What I've learned is that there is a reason you very rarely see a sheep or goat feeder with horizontal stays of any kind offered in plans from the ag schools or manufacturers. Sheep and goats are climbers and have a propensity for sticking their heads in small spaces, especially goats. 

If you want to know how to let a sheep or goat commit suicide, just ask me, I've probably seen it!


----------



## Rectifier (Jun 12, 2011)

Been looking at building one of these Cowra feeders designed by the Australia sheep extension board and tested with farmers
http://www.sheepcrc.org.au/management/nutrition-and-feeding/feeding-equipment.php
Simple plans are available for free.

Bret, you are saying that these horizontal bars will result in deaths and broken legs?


----------



## Bret4207 (May 31, 2008)

I'm saying they have- FOR ME. We limit the use of cattle panels to jobs where there is not much chance of an animal being able to jump into or onto a panel, where they aren't going to be sticking their heads between panels that are adjacent to each each other.

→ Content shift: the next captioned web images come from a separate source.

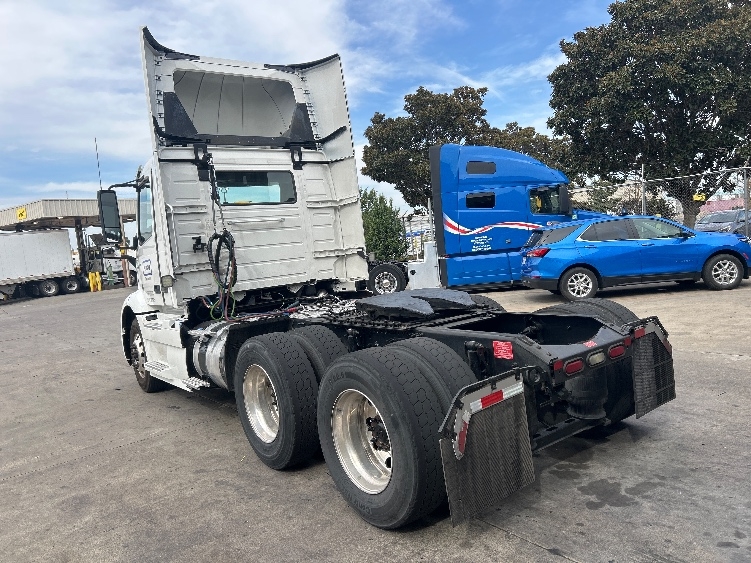 2022 Volvo VNR 640 in Stockton, CA — photo 5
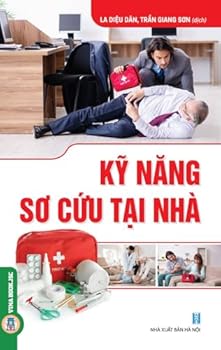Paperback Home First Aid Skills [Vietnamese] Book
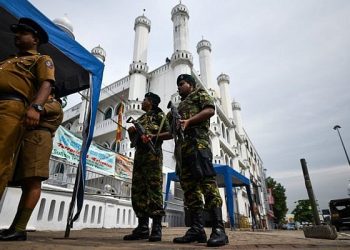 Some mosques cancelled prayers, and Sri Lanka's Muslim affairs minister called on Muslims to pray at home instead, in solidarity with churches that have closed over security fears. (Representational image)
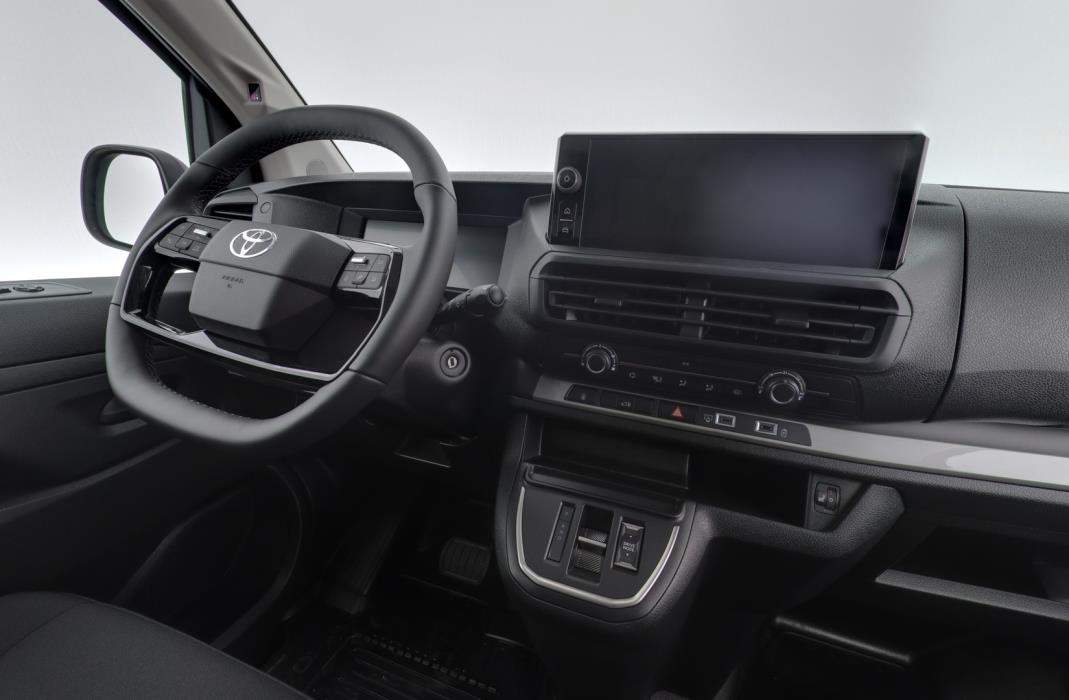 TOYOTA Proace 2026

That Cowra feeder has much larger diameter horizontals than a cattle panel. At that, it looks like there's plenty of room for lambs, determined sheep and goats to climb into it. I'd have to try one to see if they work that much better.

Please don't take my posts as trying to talk anyone into or out of anything. What works for one person may be a disaster for me. I'm just relating my experiences. You be the judge from there.


----------